Although this book is a work of fiction, it is inspired by the rescue of the Lipizzaner stallions from the Spanish riding school in Vienna during the second world war. I really appreciate that Alison has bought this story to life in a way that shares the reality of that time, doing so in a way that is readable for children age 7+.
I love that Nina believes in Zelda despite her being old and fragile. Nina saw value in Zelda and loved and nurtured her so that she could continue living a happy and safe life. Nina is a strong character and from the moment we meet Zelda you could see that their friendship is strongly bonded. As they were on their journey, I was curious to see how it would resolve and I read from beginning to end in one sitting. I feel honored to read this story and see how one courageous girl and her horse inspire children to believe in themselves.
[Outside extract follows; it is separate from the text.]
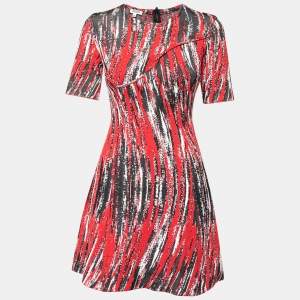 Pre Owned Kenzo Red Knit High Waves Flared Midi Dress M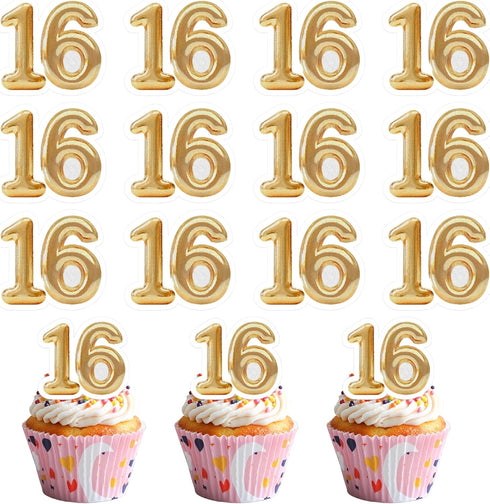 LcingTify 50 PCS Edible 16th Birthday Cupcake Toppers Gold Wafer Paper Sweet 16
The illustrations have been beautifully designed and there is so much emotion in each one. On page 8 we see the love between Nina and Zelda and it is so endearing and captures the emotion of the whole book. There are two other illustrations that captured me, the first being on pages 16/17 where Nina is lying on her bed choosing what she will take with her. This picture has the most colour in it which I find interesting given it is filled with emotion and is a time of change for Nina. On pages 68/69 again I was moved by the emotion filled picture of Nina and Zelda during one of the toughest points of the journey and looking at it you feel like they may not make it to their destination. Alison has captured the spirit of them both so beautifully through both illustration and words.
Even if you have the first edition, I highly recommend adding this second edition to your collection. Thank you, Alison Lester, for bringing us this story again in a different way.
Thank you Puffin/Penguin books for the opportunity to read and honestly review this book.